◆ **Assigned task**
Omit the pictures and return exactly the stretch of the material below from the line with "Prompt: teen girl, light" through the line with "Raceline A12SB-57037+38 A12SB".

◆ **Source material**
★ ★ ★
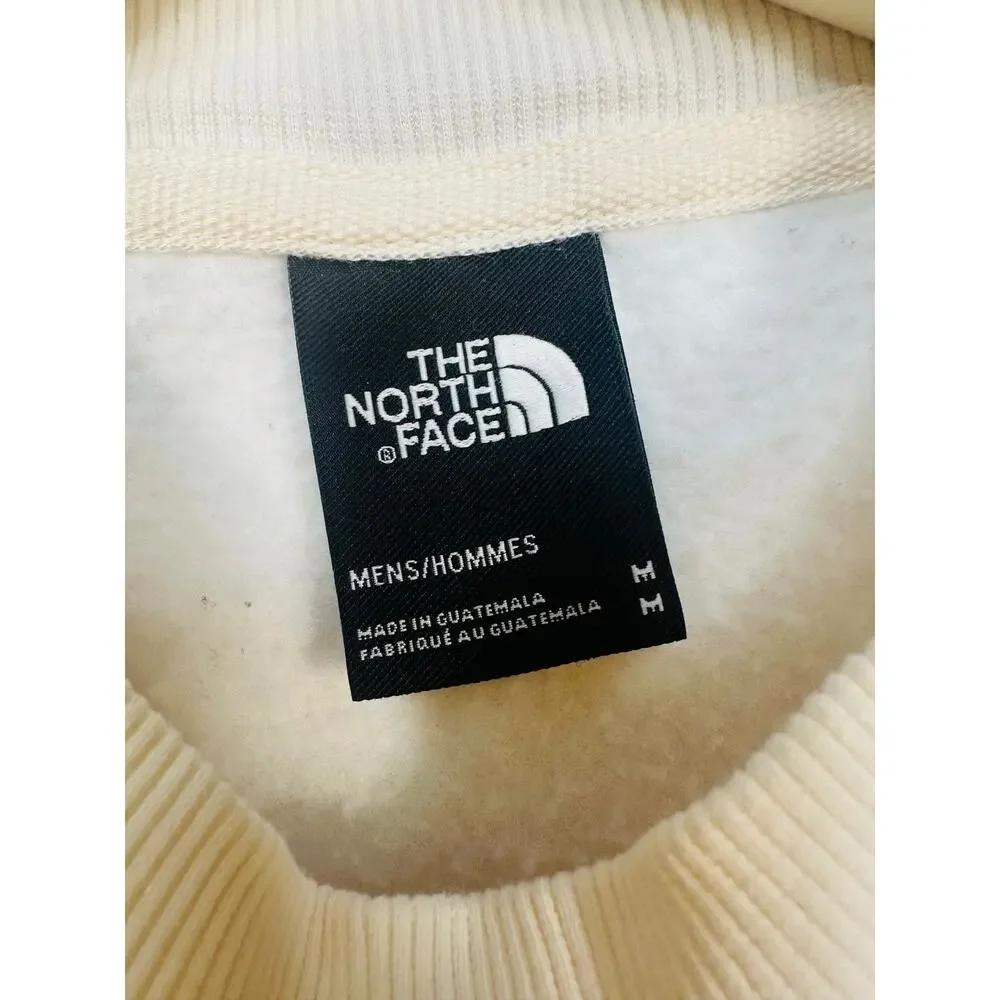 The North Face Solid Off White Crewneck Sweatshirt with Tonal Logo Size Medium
★ ★ ★
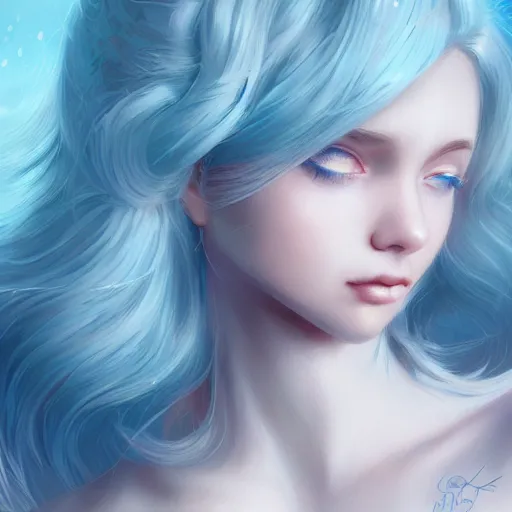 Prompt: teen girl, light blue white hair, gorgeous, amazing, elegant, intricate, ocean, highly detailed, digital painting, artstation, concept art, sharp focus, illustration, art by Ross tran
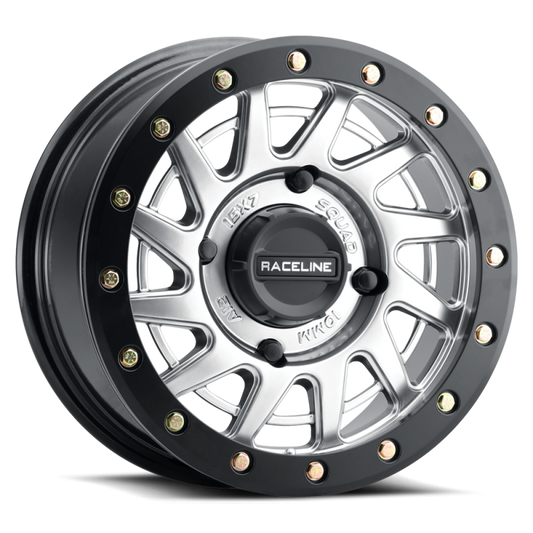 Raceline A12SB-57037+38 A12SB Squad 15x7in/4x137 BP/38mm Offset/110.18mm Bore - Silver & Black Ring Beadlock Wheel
★ ★ ★
◆ **Result for this task**
 Prompt: teen girl, light blue white hair, gorgeous, amazing, elegant, intricate, ocean, highly detailed, digital painting, artstation, concept art, sharp focus, illustration, art by Ross tran
 Raceline A12SB-57037+38 A12SB Squad 15x7in/4x137 BP/38mm Offset/110.18mm Bore - Silver & Black Ring Beadlock Wheel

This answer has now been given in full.